Meet the Mishaps: Liability Larry and Catastrophe Cathy are married with two kids, Deductible Dudley and Peril Polly, and a dog, Risk. As their name would imply, they are often faced with very unfortunate circumstances. What’s worse, everyone around them seems to get caught up in their bad luck, too!
Join us each month as we dive into some of the adversity that comes their way, all from the insurance perspective!
The Story
Liability Larry loved his job as the Chief Financial Officer of Risky Widgets Company (RWC). He enjoyed working with his colleagues and stood behind the top of the line widgets the company produced. As one of the largest manufacturers and distributers of quality widgets, Larry had responsibility for a large staff and a large budget. With a solid team working with him, Larry trusted his staff’s judgment.
The Loss
Widgetland had been purchasing widgets from RWC to sell in their store for thirty years. An error caused them to double pay an invoice for $26,000. The owner of Widgetland sent an email to Larry requesting the funds be returned.
Larry asked Joe, his accounting manager, to refund the overpayment to Widgetland. A short time later, Joe received an email from Larry stating that Widgetland had recently changed banks. The email provided an updated bank account and routing number for any future funds transfers.

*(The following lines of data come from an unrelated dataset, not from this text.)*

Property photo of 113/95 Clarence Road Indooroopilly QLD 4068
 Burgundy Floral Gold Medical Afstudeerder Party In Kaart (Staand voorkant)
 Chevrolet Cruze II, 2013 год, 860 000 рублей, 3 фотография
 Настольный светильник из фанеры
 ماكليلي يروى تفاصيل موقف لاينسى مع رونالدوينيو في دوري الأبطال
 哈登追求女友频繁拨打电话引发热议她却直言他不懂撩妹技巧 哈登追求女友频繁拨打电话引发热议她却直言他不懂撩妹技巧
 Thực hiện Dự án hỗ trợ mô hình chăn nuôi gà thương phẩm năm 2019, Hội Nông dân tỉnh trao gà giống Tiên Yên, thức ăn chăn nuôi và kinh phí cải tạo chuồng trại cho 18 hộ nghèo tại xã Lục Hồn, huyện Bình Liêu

Joe made the change and sent the money. When Widgetland called to say they hadn’t received the transfer, Joe confirmed where he’d sent it and that’s when he discovered that RWC had been the victim of a spear-phishing attack.
The Investigation
Spear-phishing happens when hackers infiltrate a company’s computer system and then mimic the company’s practices and procedures using email. Joe had no reason to suspect that the email he received from Larry was actually from a hacker. The hacker pretended to be Larry in order to trick Joe into sending the funds to the hacker’s bank account.
Larry notified the rest of the executive management team, and together they consulted with their insurance agent.
The Outcome
Unfortunately, this loss was not covered under RWC’s general crime insurance policy due to an exclusion known as voluntary parting. RWC did not have a cyber policy in place, having declined to purchase a policy. They had invested heavily in firewalls and the in-house technology professionals felt that RWC was secure from hackers. They thought a cyber breach couldn’t happen to them.
The cyber policy RWC considered purchasing could have covered them in case of a data breach and the costs associated with that incident: public notification, remediation measures, investigation fees and defense against lawsuits. While RWC’s system was hacked, they didn’t suffer a data breach as defined in the policy. The hacker tricked the accounting manager into willingly sending money to an unintended account. In order to have coverage for the type of incident that occurred at RWC, they would have needed to add a spear-phishing endorsement to the policy at the time of purchase.
The Lesson
Many businesses, RWC included, feel that they are taking adequate measures to protect themselves from cyber hacks and data breaches. However, every business, regardless of size is susceptible to a hack. Cyber thieves are smart, and they invest more time than any of us can imagine infiltrating corporate computer systems looking for an opportunity to steal anything that can make them money. In their search for vulnerabilities, hackers will find holes in procedures and look for ways to manipulate unsuspecting employees.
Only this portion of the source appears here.